Sadly, this is not really a recipe, just a procedure.  This is simply because the ingredients are few and there are no set amounts.  It merely depends on how many clams you are frying and how big they are. And lemme tell ya, some of them are fairly big. (as you can see from the above picture)

Razor Clams

AP Flour
Kosher Salt
Lemon Pepper
Parmigiano-Reggiano (the undisputed King of cheeses)
shucked Razor Clams

You are going to have to dirty a lot of dishes for this.

First you need a dish that contains Eggs, that have been thoroughly beaten.

Then you need to prepare a dish with Flour that has been Salted and Lemon Peppered.

Thirdly, you will need a plate that is filled with a mixture of Panko and Parmigiano-Reggiano cheese. (I usually add about 1 TB of the undisputed king of cheeses per cup of Panko)

Finally, you will need a plate to place the Razor Clams on after all your dredging and breading procedure.

Whew!  Now that our mise en plas is in place, on with the clams!

The neck of the clam is extremely tough.

So grab a flat mallet, cause a spiked one is a little too much, and pound on the neck a little to soften the meat.
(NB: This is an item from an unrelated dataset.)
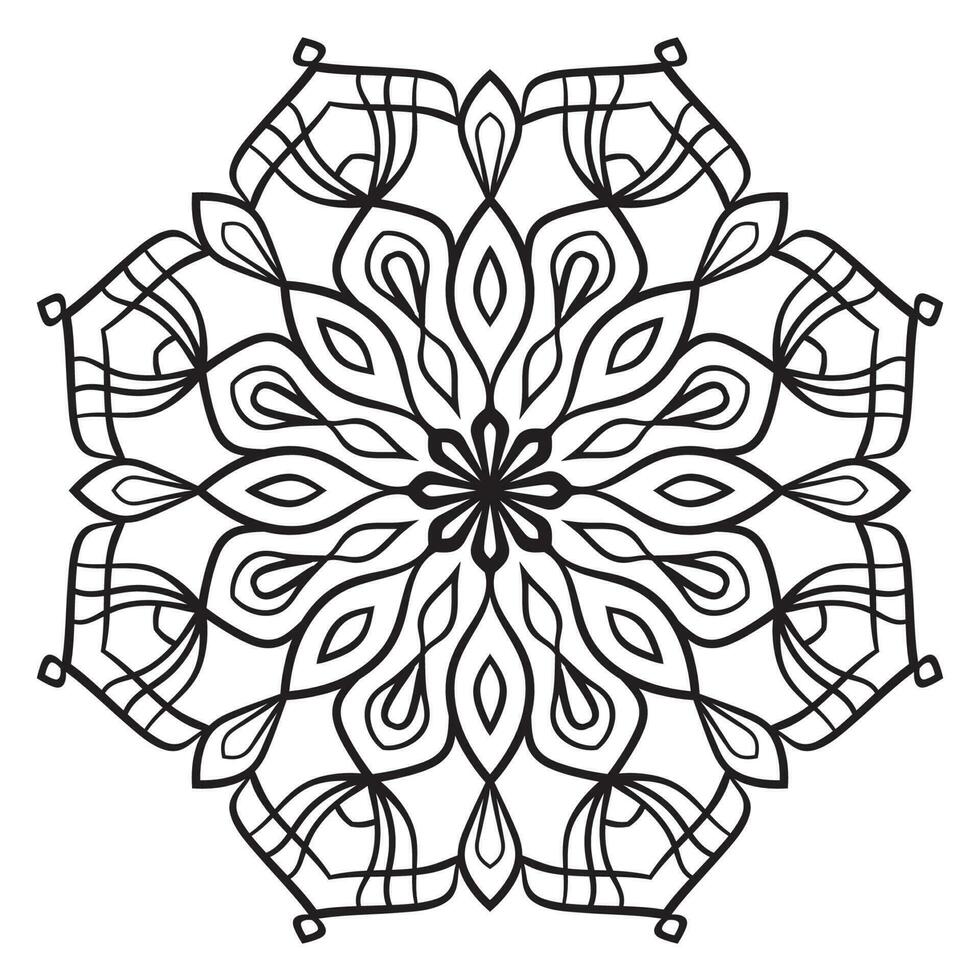 Black outline flower mandala. Doodle round decorative element for coloring book isolated on white background. Floral geometric circle. vector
OK, now you will need to thoroughly dry the clams so that the flour will stick and not turn into goo.  This may require copious amounts of paper towels.

Once tenderized and dried thoroughly, it's time for a dusting of the flour mixture.

Then into the egg wash.

Then into the Panko...

You will probably have to press the panko to ensure good adhesion.

Then onto the plate.

Repeat with the remaining clams.... Lather, rinse, repeat.... You know.

If you need to make more than 1 layer of clams, separate your layers with waxed paper.
Once you have them all breaded, you will need to cover them and place them in the refrigerator for about 30 minutes to allow the breading to "firm up".
I like to use Coconut oil for frying clams, but peanut oil works equally well.

Heat oil in a skillet and when it's nice and hot, throw in a couple breaded clams.

They cook quickly, so about 1-2 minutes per side is all you need.

Place them on a rack, set inside a baking pan, so any excess oil can drain off, and keep the breading crispy.

Store the cooked clams in an oven set on "Warm" if you have an oven that is capable, or with the oven light turned on, while you complete the others. (using the oven light is a great way to proof bread dough too)

Once they are all fried up, sit down and enjoy!